What are You Worth? | My Life in an Enclave Where Joie de Vivre Beats Out Cold Cash

basketball fairfield iowa
On the court, players from all walks of life gather for the fun of the game. PHOTO BY JULIA JARMOSCO

What would it be like to live in a place where your social status wasn’t based on your dollar worth? Is that even possible in our thing-obsessed society? Well, after more than a year in Fairfield, Iowa, I’ve gotten some perspective on the matter.

In Los Angeles, where I’d spent a decade, the material life mattered so much it blotted out just about everything else, including, too often, civility. I remember the night I learned just how much one’s car mattered. I had asked out a woman I knew and all was going great — right up until I mentioned I’d be picking her up in a Camry. Then, dead silence on the line. When she’d recovered she said, “I’m sorry, this just isn’t going to work.” When I recovered, I realized what I was in for in the City of Angels.

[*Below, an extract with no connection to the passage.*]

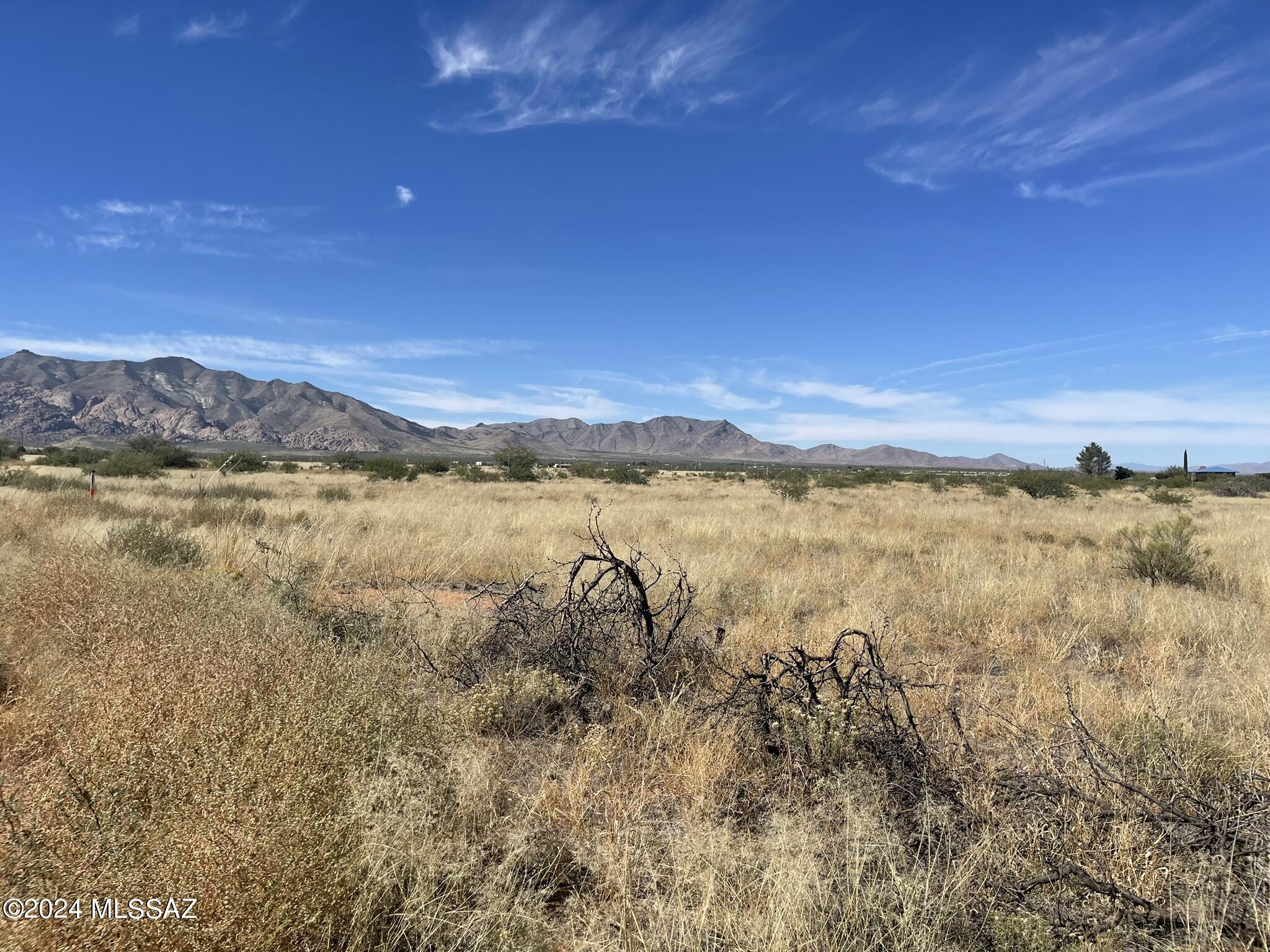 83 Acres), Unit 13 Pearce, AZ 85625 - Photo 6 of 15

A few years later I was working at a high-tech company in Boulder, Colorado, a former counterculture mecca which had morphed into a kind of shiny, happy suburb. Laid back, owner-operated cafes had given way to high-end bike shops and ultra-posh restaurants, and the lesser classes were being squeezed out. I recall occasionally extending a hand of friendship to one of the town’s elites, usually encountering a polite, “No thank you very much, I like my life exactly the way it is.” Okay, they didn’t actually say it. Still.

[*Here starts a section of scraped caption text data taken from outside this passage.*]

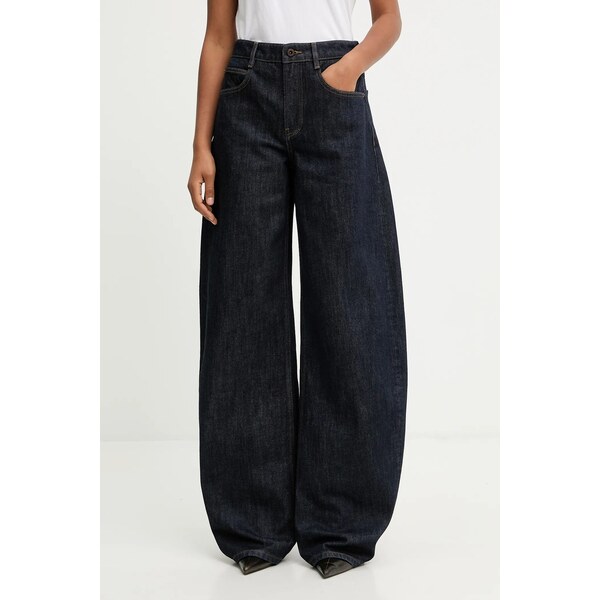 Rifle Miss Sixty 67155199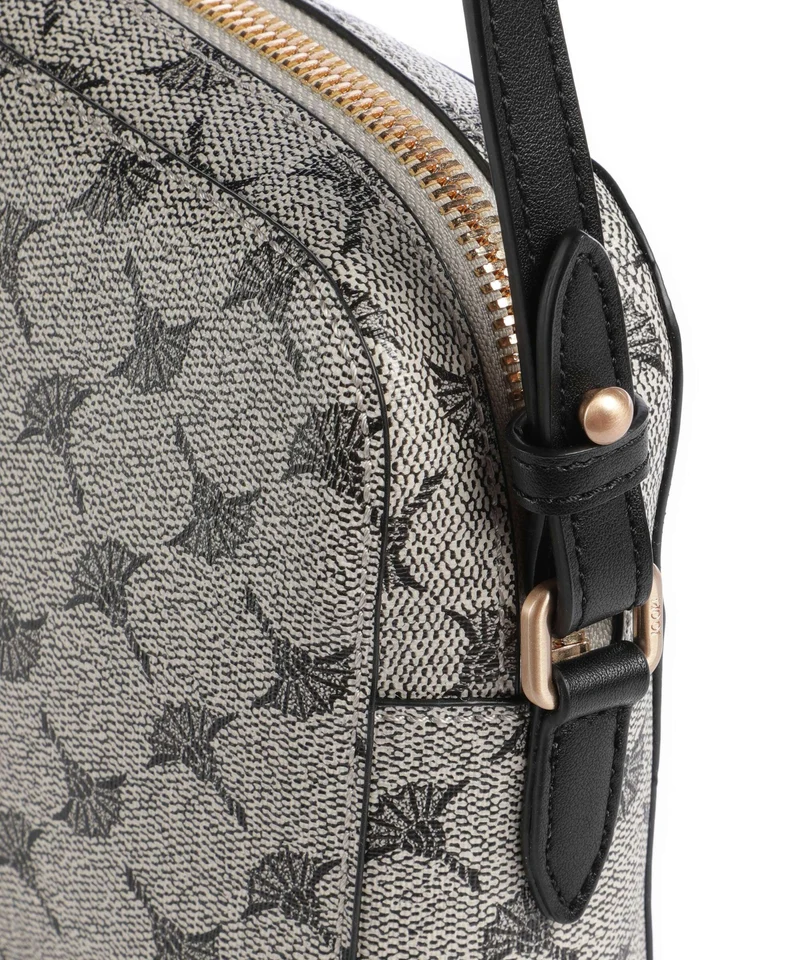 JOOP! Mazzolino Cloe Sac bandoulière black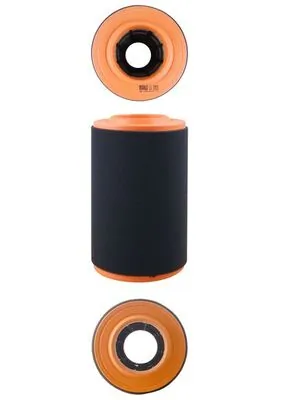 Filtru aer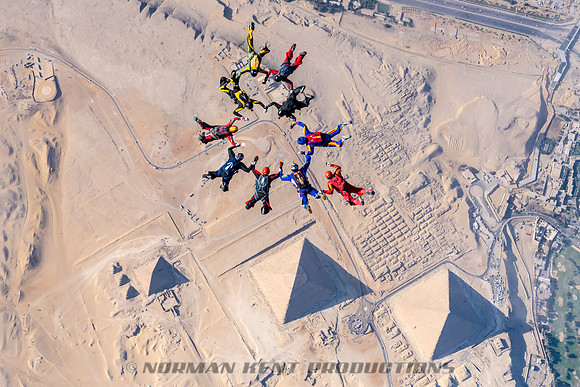 NKP-Spread The Wings Pyramid Boogie 2024-NKP00399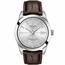 Tissot T127.407.16.031.01 Gentleman Powermatic 80 Mens Automatic Watch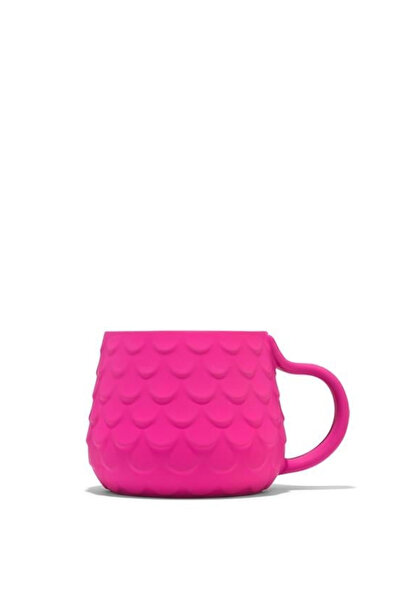 Starbucks ®   Soft Textured Mug - 414 ml -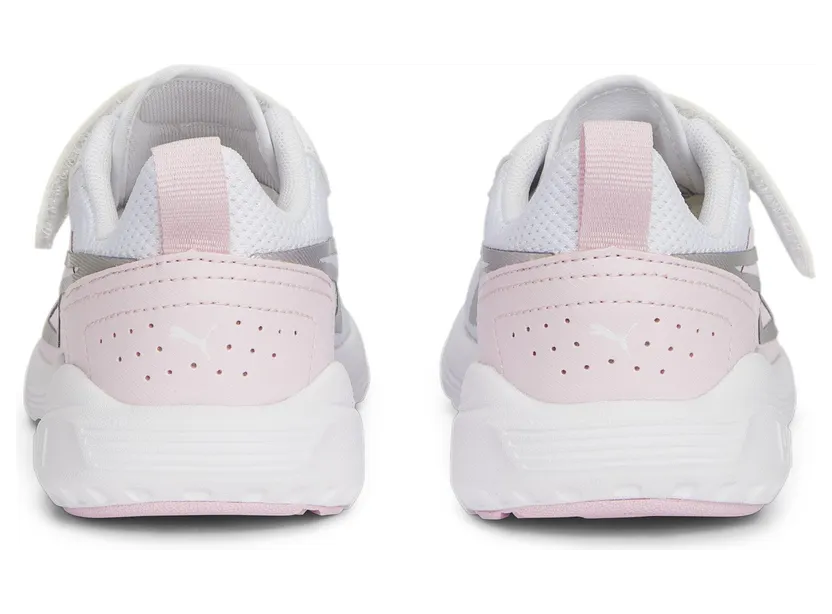 puma-all-day 387387_11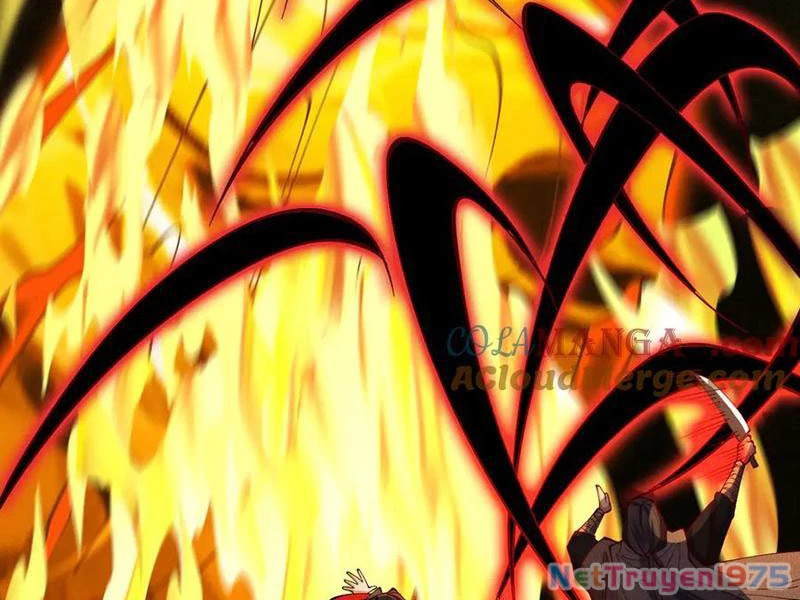 Gặp Mạnh Thì Mạnh, Ta Tu Vi Vô Thượng Hạn Chapter 44 - 74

In Fairfield, it’s not the size of your wallet that counts but your spiritual chops. It’s your creativity,  authenticity, your be-here-now-ness. It’s your ability to understand at a deep level that this is basically all there is that gets you noticed, whatever your economic status may be. If money talks out there, then joie de vivre speaks in here.

Recently I was playing basketball at a local gym with a guy who’s the CEO of a big multinational company — along with guys from the other side of the tracks, some who have virtually nothing, who live in trailers or crumbling homes on a small social security check. The power forward I was up against, 62 and built like a cement pillar, was ensconced in the sadhu life, meditating daily and living in near poverty yet finding bliss in ways that make you want to rethink life’s big questions.

In the larger cities I’d lived in, the wealthy tended to shun people outside of their class, and often for good reason, I discovered when I had worked for a spell alongside Hollywood celebrities. Most everyone wanted something from them. They were seen as a ticket — funding. No wonder they kept their circles pulled in tight. Contrast that to Fairfield, where once, at a local dance, I put out the word I liked baseball and up came a friendly oil magnate overjoyed to set up a catch.

Now, I’m not saying community-oriented wealthy people aren’t everywhere, it’s just that here it kind of hits you over the head. No doubt that’s due in part to the arrival of the Transcendental Meditation community — about a quarter of the town — who moved here back in the 1970s.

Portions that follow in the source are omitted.